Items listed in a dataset
^^^^^^^^

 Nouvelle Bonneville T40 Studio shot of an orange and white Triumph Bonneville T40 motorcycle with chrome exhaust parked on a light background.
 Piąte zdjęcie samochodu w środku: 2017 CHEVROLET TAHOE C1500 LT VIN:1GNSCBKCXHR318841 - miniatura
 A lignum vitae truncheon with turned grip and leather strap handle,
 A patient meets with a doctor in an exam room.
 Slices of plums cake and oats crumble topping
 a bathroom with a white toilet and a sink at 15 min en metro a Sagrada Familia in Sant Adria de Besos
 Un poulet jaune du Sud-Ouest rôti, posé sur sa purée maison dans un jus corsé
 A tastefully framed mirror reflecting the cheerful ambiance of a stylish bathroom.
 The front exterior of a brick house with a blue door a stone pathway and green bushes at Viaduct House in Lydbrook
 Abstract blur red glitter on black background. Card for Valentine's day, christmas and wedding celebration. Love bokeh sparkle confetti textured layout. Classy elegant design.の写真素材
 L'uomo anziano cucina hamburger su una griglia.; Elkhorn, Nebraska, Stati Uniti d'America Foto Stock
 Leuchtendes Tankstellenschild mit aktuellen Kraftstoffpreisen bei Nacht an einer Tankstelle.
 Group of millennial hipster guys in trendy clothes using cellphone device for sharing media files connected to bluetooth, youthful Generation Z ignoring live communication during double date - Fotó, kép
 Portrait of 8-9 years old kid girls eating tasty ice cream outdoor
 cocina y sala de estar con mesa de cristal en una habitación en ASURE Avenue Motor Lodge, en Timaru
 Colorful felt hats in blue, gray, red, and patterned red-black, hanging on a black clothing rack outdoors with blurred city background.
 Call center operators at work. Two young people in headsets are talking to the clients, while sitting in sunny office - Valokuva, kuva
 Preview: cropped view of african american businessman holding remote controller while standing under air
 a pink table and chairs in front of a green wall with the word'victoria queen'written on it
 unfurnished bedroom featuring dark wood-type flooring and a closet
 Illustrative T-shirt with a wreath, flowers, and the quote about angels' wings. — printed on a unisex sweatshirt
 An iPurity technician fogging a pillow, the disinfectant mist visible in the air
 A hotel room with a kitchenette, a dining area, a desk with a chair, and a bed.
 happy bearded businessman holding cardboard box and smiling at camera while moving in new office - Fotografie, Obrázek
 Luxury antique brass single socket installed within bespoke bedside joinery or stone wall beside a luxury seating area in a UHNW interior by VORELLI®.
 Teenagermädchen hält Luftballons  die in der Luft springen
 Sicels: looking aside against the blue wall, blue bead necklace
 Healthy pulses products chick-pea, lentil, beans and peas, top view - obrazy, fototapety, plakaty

^^^^^^^^

* **ASSIGNMENT**: Reproduce exactly, with nothing added, the lines from the one that contains "a pink table" to the end of the data.

* **FINAL ANSWER**:
 a pink table and chairs in front of a green wall with the word'victoria queen'written on it
 unfurnished bedroom featuring dark wood-type flooring and a closet
 Illustrative T-shirt with a wreath, flowers, and the quote about angels' wings. — printed on a unisex sweatshirt
 An iPurity technician fogging a pillow, the disinfectant mist visible in the air
 A hotel room with a kitchenette, a dining area, a desk with a chair, and a bed.
 happy bearded businessman holding cardboard box and smiling at camera while moving in new office - Fotografie, Obrázek
 Luxury antique brass single socket installed within bespoke bedside joinery or stone wall beside a luxury seating area in a UHNW interior by VORELLI®.
 Teenagermädchen hält Luftballons  die in der Luft springen
 Sicels: looking aside against the blue wall, blue bead necklace
 Healthy pulses products chick-pea, lentil, beans and peas, top view - obrazy, fototapety, plakaty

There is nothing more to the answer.